┌──
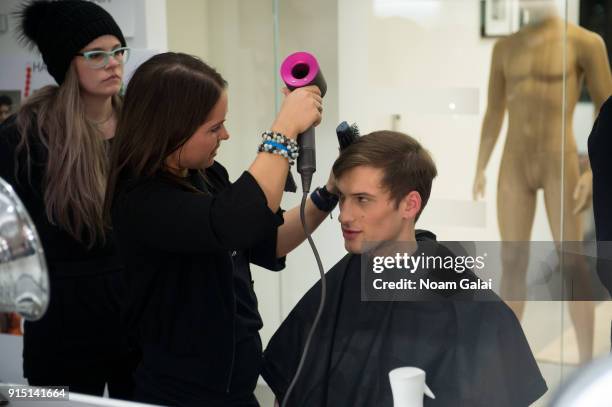 Model prepares backstage at the Perry Ellis fashion show during New York Fashion Week Mens' at The Hippodrome Building on February 6, 2018 in New...
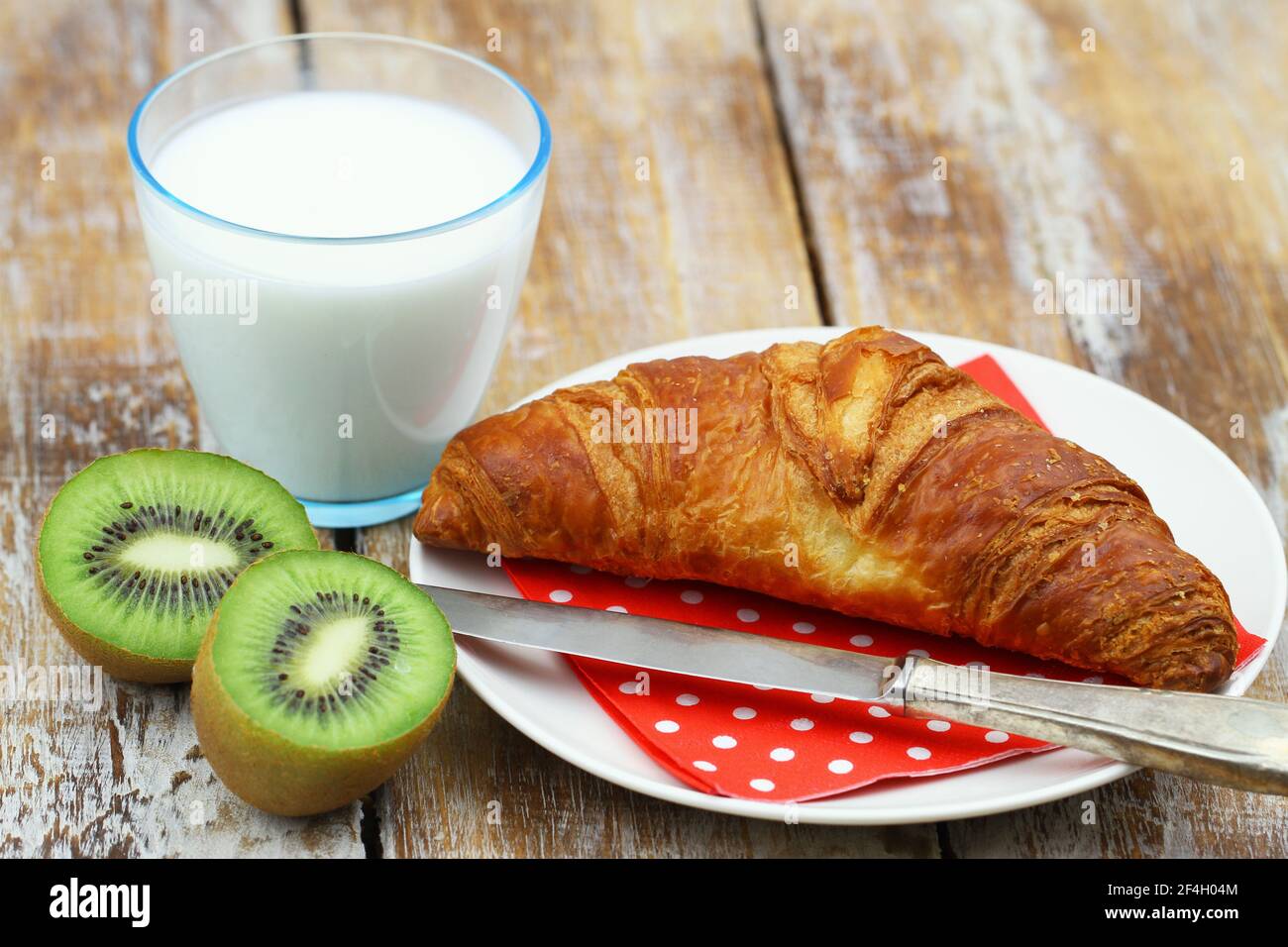 Colazione continentale semplice: Croissant francese, kiwi frutta e un bicchiere di latte Foto Stock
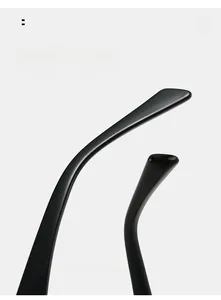 Close-up of sleek black metal eyeglass frames showing curved mirror legs for comfort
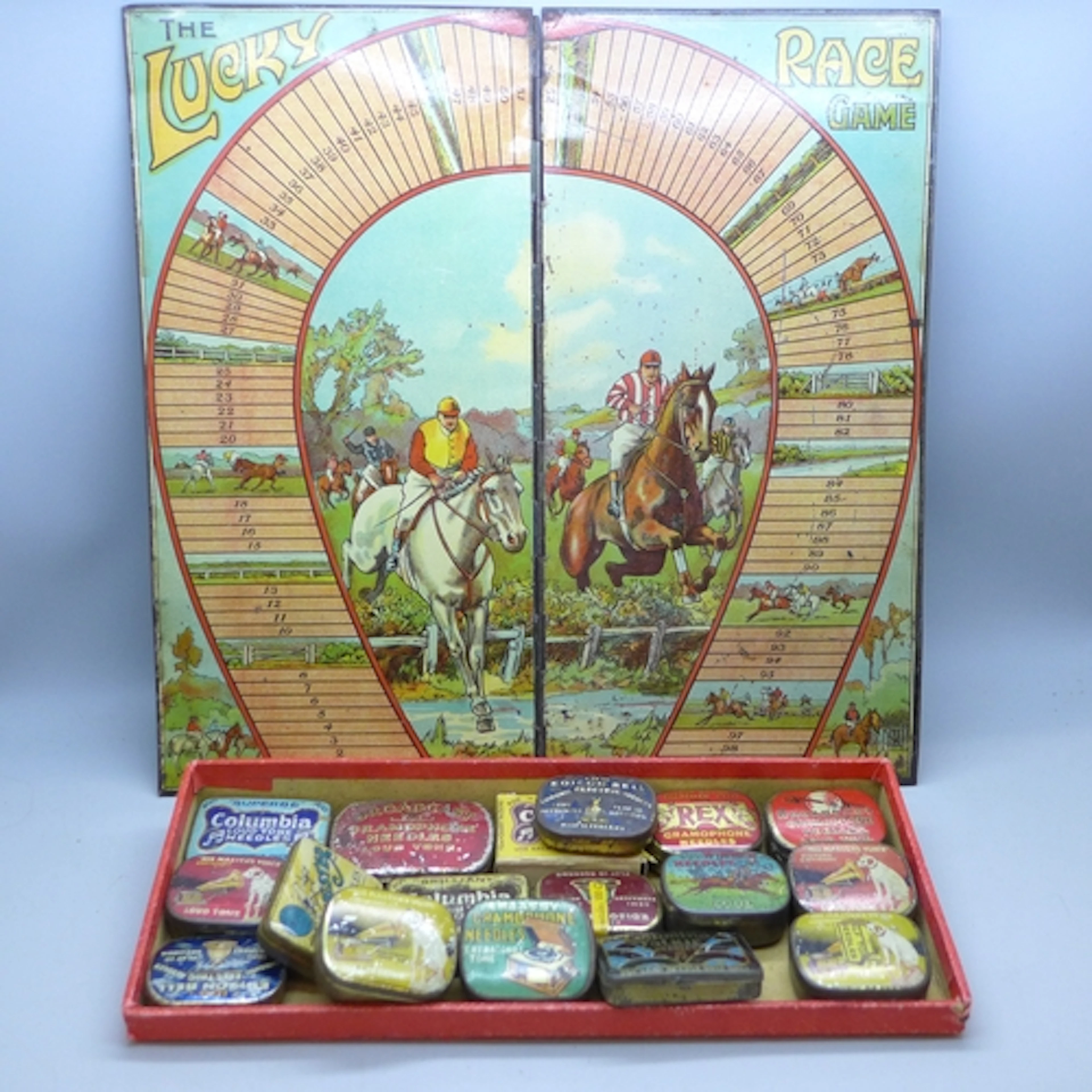 Seventeen vintage needle tins and a tin-plate The Lucky Race...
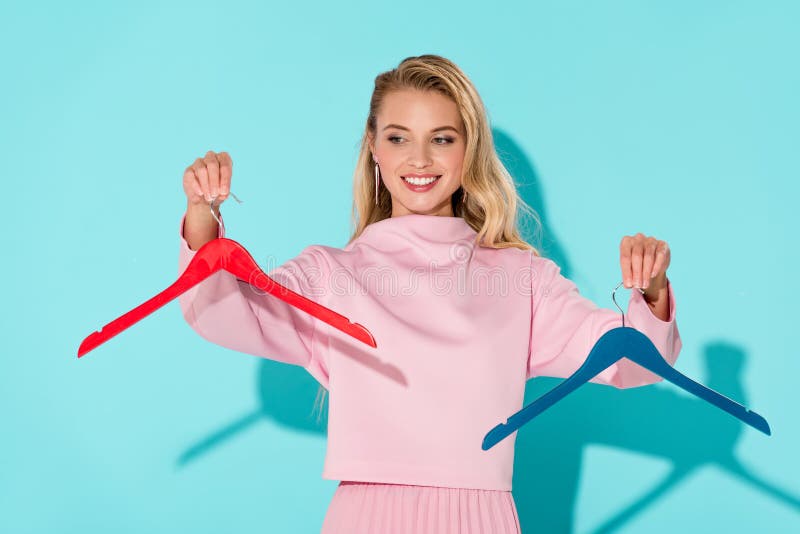 Beautiful Smiling Woman Holding Empty Clothes Hangers Stock Image ...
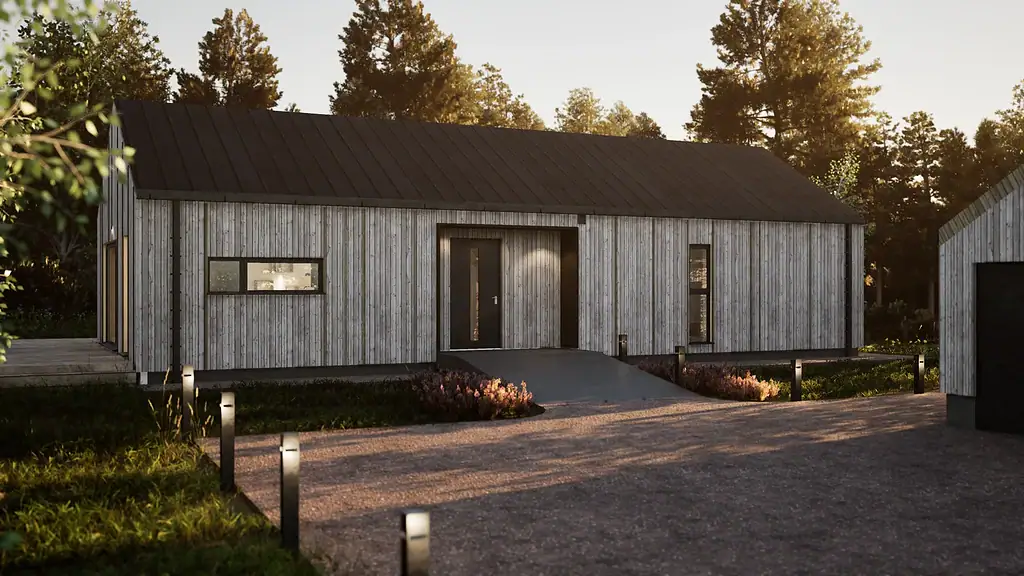 Modulpluss Sør, moderne prefabrikkert hytte i tre med svart tak, omgitt av natur og opplyste veibelysning, ideell for bærekraftige husløsninger og modulbygg.
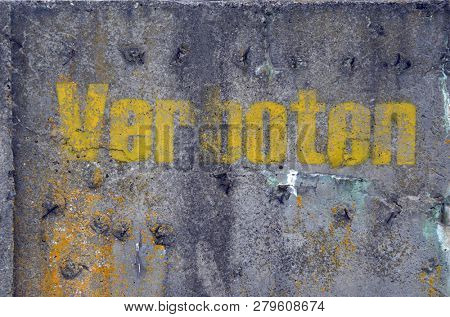 Word verboten (German - forbidden) on old concrete surface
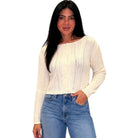 Woman wearing a cream sweater and blue jeans on a white background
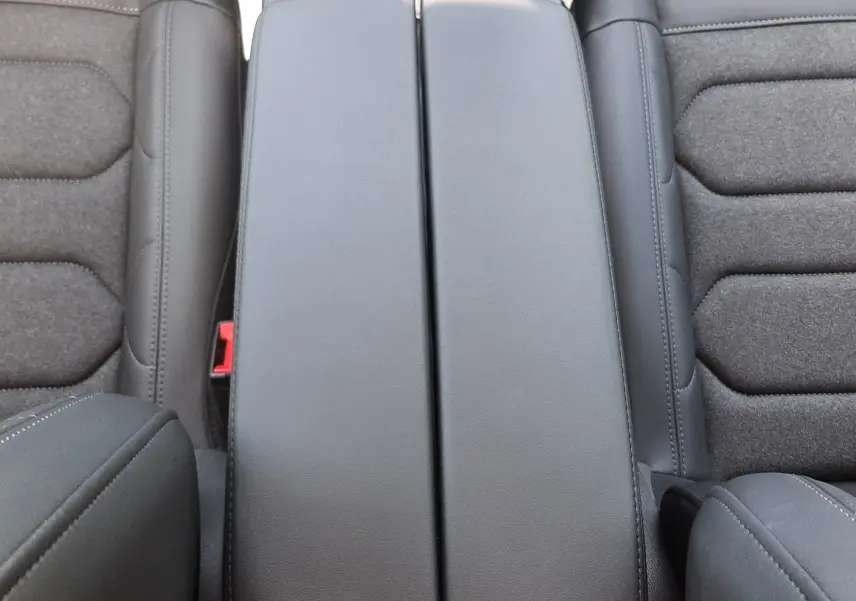 Vue plongeante sur l'accoudoir central noir et les sièges gris foncé du Citroën C5 Aircross Ph.2 Hybrid 2025.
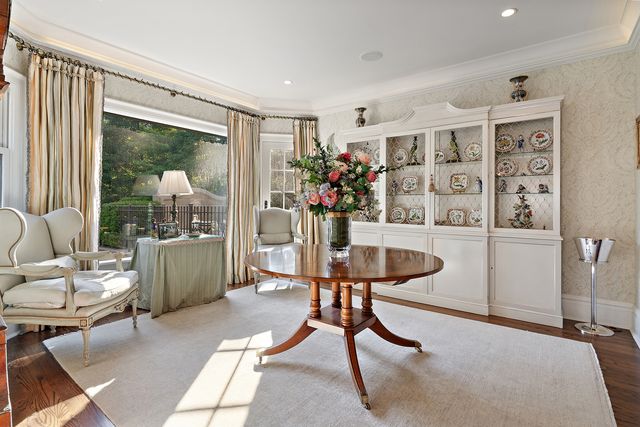 a view of a livingroom with furniture and a window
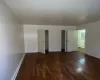 Unfurnished room with dark hardwood / wood-style floors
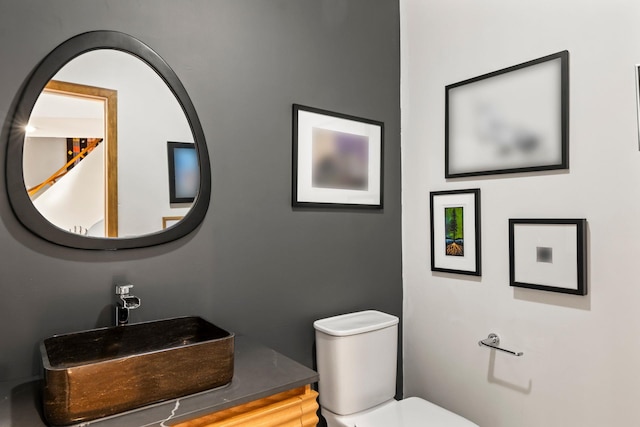 bathroom with toilet and a sink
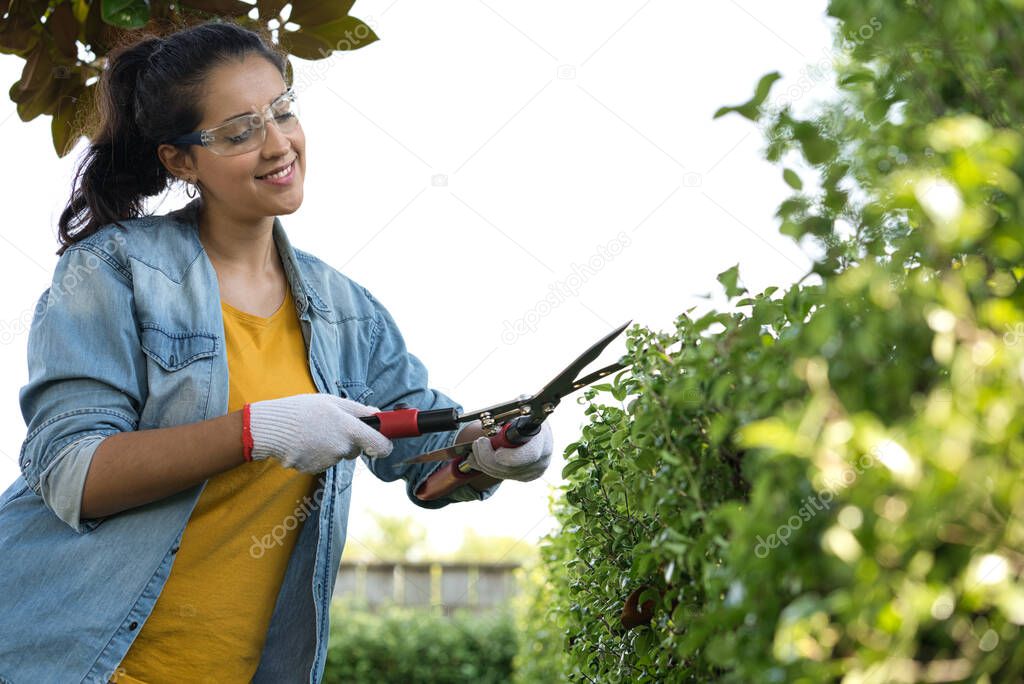 young hispanic woman working on the yard cutting the yard with hedge shear while smiling at home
└──
Leave the images out. Set down all of the material above exactly.

 Model prepares backstage at the Perry Ellis fashion show during New York Fashion Week Mens' at The Hippodrome Building on February 6, 2018 in New...
 Colazione continentale semplice: Croissant francese, kiwi frutta e un bicchiere di latte Foto Stock
 Close-up of sleek black metal eyeglass frames showing curved mirror legs for comfort
 Seventeen vintage needle tins and a tin-plate The Lucky Race...
 Beautiful Smiling Woman Holding Empty Clothes Hangers Stock Image ...
 Modulpluss Sør, moderne prefabrikkert hytte i tre med svart tak, omgitt av natur og opplyste veibelysning, ideell for bærekraftige husløsninger og modulbygg.
 Word verboten (German - forbidden) on old concrete surface
 Woman wearing a cream sweater and blue jeans on a white background
 Vue plongeante sur l'accoudoir central noir et les sièges gris foncé du Citroën C5 Aircross Ph.2 Hybrid 2025.
 a view of a livingroom with furniture and a window
 Unfurnished room with dark hardwood / wood-style floors
 bathroom with toilet and a sink
 young hispanic woman working on the yard cutting the yard with hedge shear while smiling at home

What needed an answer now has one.